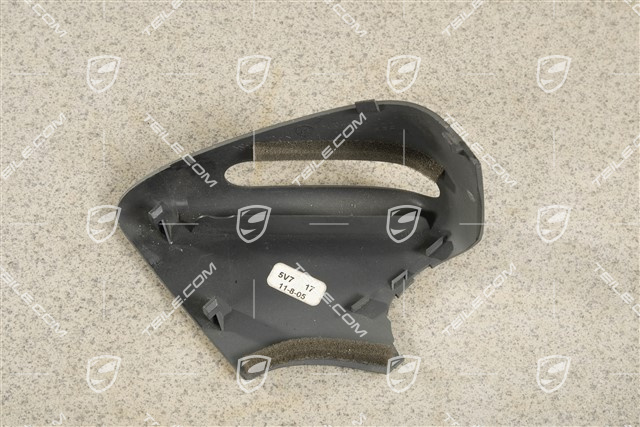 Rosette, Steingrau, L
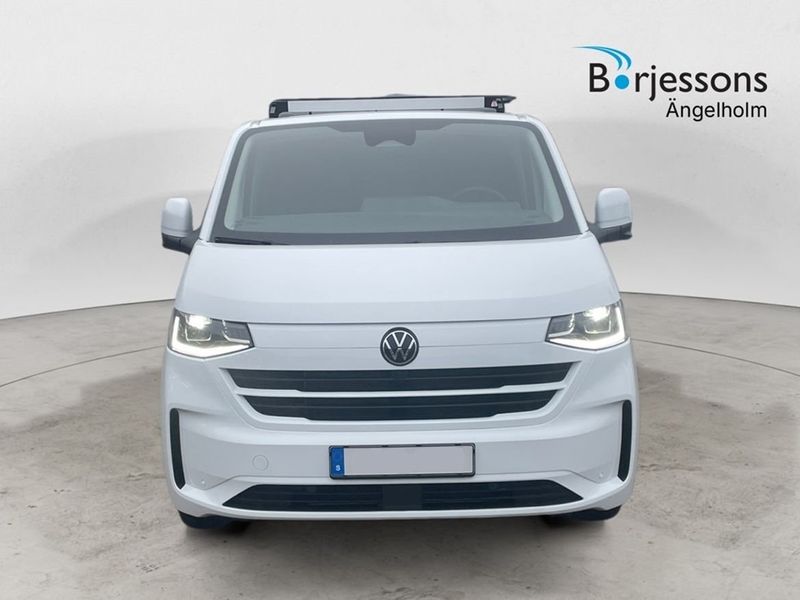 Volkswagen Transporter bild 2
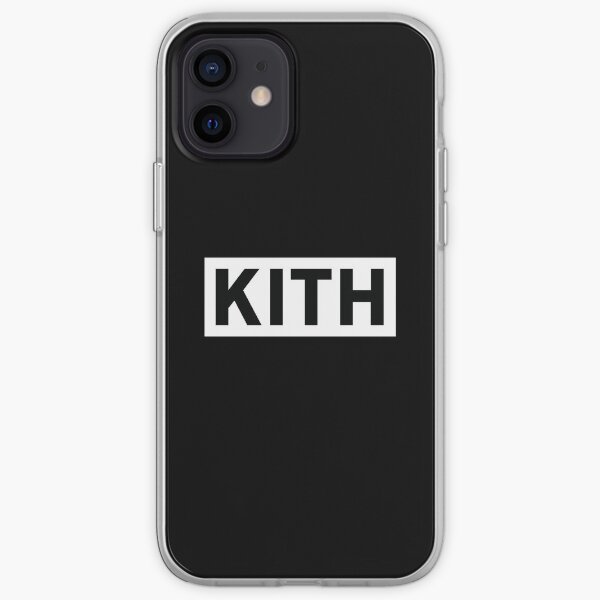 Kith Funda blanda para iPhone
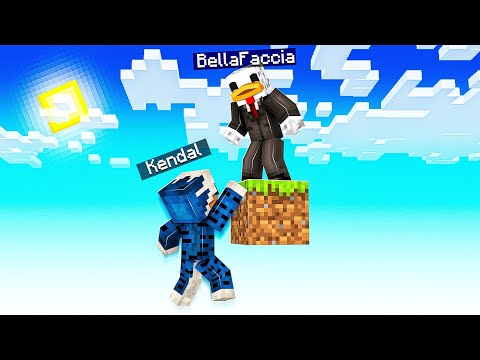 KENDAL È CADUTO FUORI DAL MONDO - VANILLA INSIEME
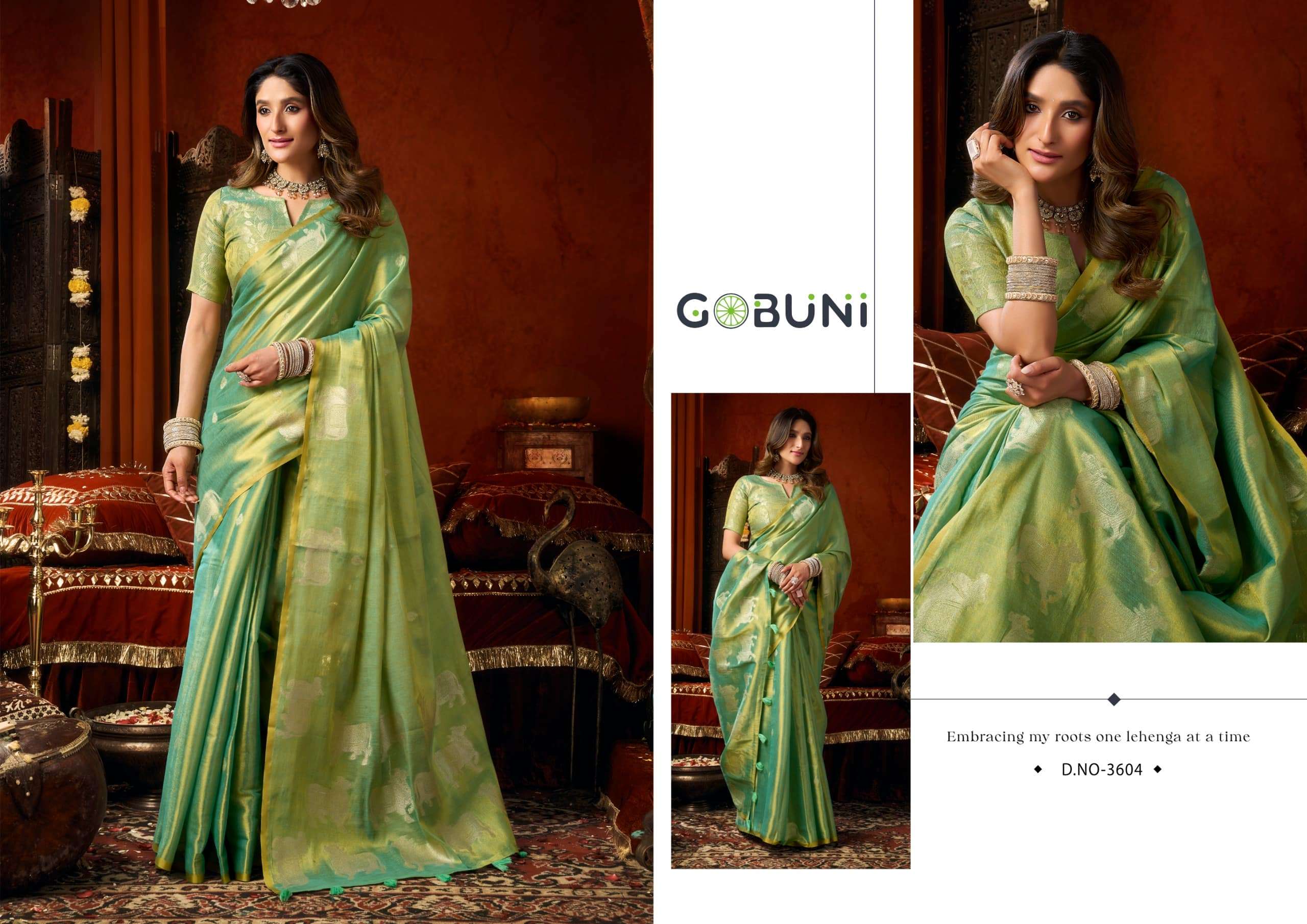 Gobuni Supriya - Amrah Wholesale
☆ ☆ ☆ ☆ ☆
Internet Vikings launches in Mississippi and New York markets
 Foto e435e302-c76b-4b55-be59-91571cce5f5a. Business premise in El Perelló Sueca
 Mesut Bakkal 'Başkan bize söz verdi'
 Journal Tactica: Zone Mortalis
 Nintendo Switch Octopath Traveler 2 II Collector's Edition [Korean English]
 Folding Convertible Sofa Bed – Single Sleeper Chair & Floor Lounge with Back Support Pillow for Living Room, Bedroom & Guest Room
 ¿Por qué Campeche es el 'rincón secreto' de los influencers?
☆ ☆ ☆ ☆ ☆
Description of the task: Of the entries above, transcribe exactly those lines that fall between the line containing "Mesut Bakkal 'Başkan bize söz verdi'" and the line containing "de los influencers?", together with those two lines.

Task result:
 Mesut Bakkal 'Başkan bize söz verdi'
 Journal Tactica: Zone Mortalis
 Nintendo Switch Octopath Traveler 2 II Collector's Edition [Korean English]
 Folding Convertible Sofa Bed – Single Sleeper Chair & Floor Lounge with Back Support Pillow for Living Room, Bedroom & Guest Room
 ¿Por qué Campeche es el 'rincón secreto' de los influencers?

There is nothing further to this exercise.